Founded in Montreal in 1919 by a French-born emigrant Albert-Louis Van Houtte as a specialty grocery store, the company quickly sprang to local business prominence as a highly reputed supplier of gourmet, European-style roasted coffee—setting a solid foundation for decades of continuous business growth that made the Van Houtte coffee brand a household name for millions of Canadian coffee aficionados and connoisseurs right across the province of Quebec and throughout much of western Canada.

A food-grade FlexLink conveyor whisking a row of single-serve K-Cup packs past a Domino D-Series laser coder below.

After a rapid expansion of the company’s bistro business during the 1980s and a well-executed series of strategic acquisitions in 1990s made it one of the country’s elite coffee processors and distributors, Van Houtte entered the 21st Century as a highly prolific, fully-integrated coffee company with a big presence in Quebec’s OCS (office coffee service) segment, a thriving chain of bistro-style cafes throughout Quebec, and a Canadian customer base estimated at over 60,000 offices, cafeterias, grocery and convenience stores, restaurants, hotels and other places of employment.
With growing market share and exceptional brand loyalty making it an increasingly attractive investment proposition, the company was ultimately acquired by the Vermont-based Green Mountain Coffee Roasters, Inc. (GMCR) for a staggering $915 million at the end of 2010—setting stage for a healthy inf lux of capital investment from the new owners into Van Houtte’s two production facilities in Montreal, as well as a Toronto-based Timothy’s plant also  acquired by GMCR in 2009.

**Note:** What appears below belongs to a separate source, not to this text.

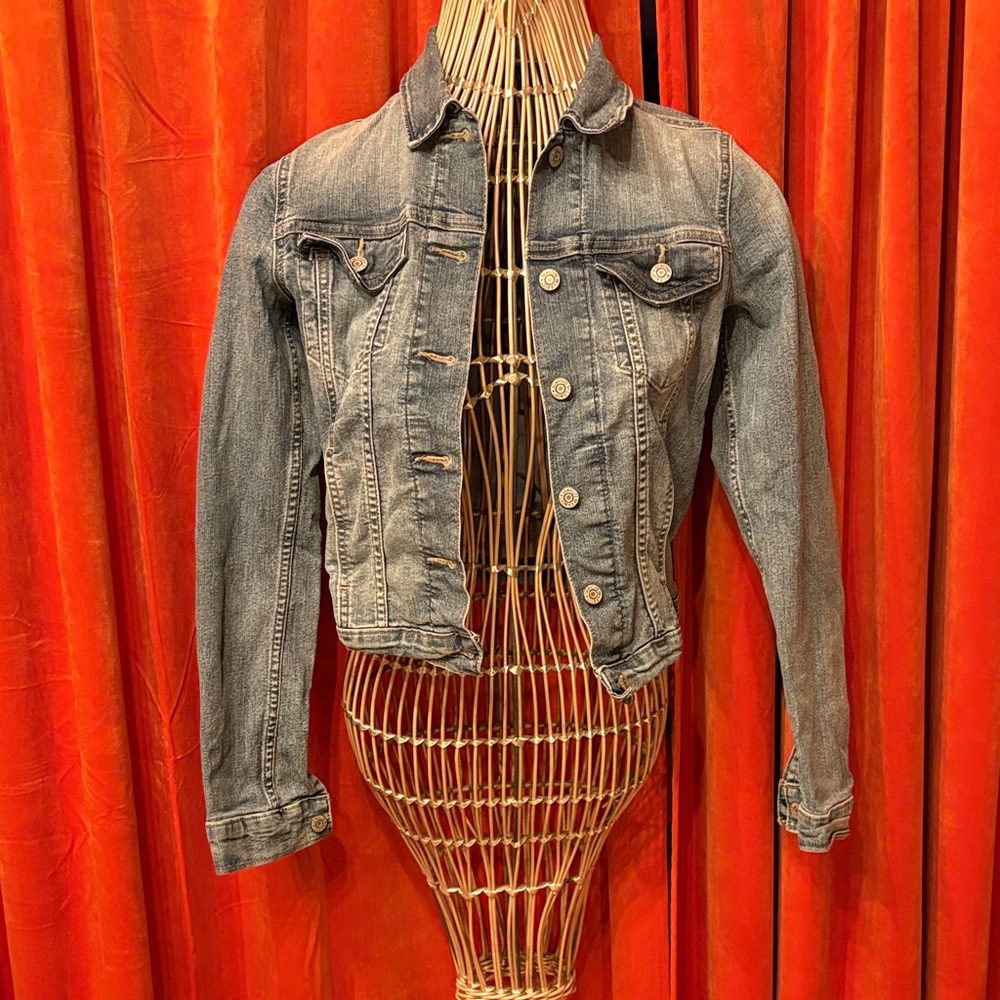 Signature Levi’s Blue Women's Cropped Jean Jacket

“It is a highly competitive global business where you really need to have both product innovation and good process automation to succeed,” says Jean-Francois Vallée, engineering and maintenance director at the central Montreal production facility now operating under the GMCR Canada Group L.P. as GMCR’s CBU (Canadian business unit) manufacturing enterprise.
Having joined the Montreal facility in January of 2006, Vallée is mandated with carrying out prime responsibilities for the specification, selection, installation, and integration of all of the plant’s processing, packaging, facility management, HVAC (heating, ventilation and air-conditioning) and other key systems and equipment deployed at the Montreal operations.

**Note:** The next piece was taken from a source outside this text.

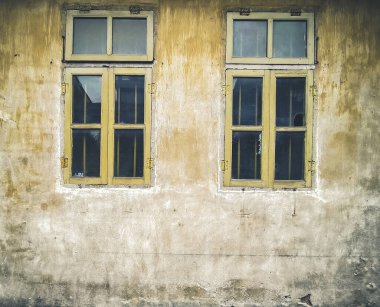 Mimari Detaylar Vintage Vitrininde turuncu renkte soyulmuş. Eski model ev penceresi. Eski moda tasarım. Kırsal boyalı beton arka plan.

Naturally, it’s a job that keeps Vallée and his highly-skilled teams of engineering and maintenance technicians busy throughout the year.
“There’s always something that needs to be done,” says Vallée, who is also mandated to look after the equipment and systems employed at the smaller GMCR’s CBU plant in a nearby St-Laurent suburb, two distribution centers occupying over 140,000 square feet of warehousing space between them, and the administrative offices.

A Domino model A220 small-character CIJ printer applies highly legible, multiple text and product code lines onto the round sides of the round plastic K-Cup packs making their way to the case-packing stations.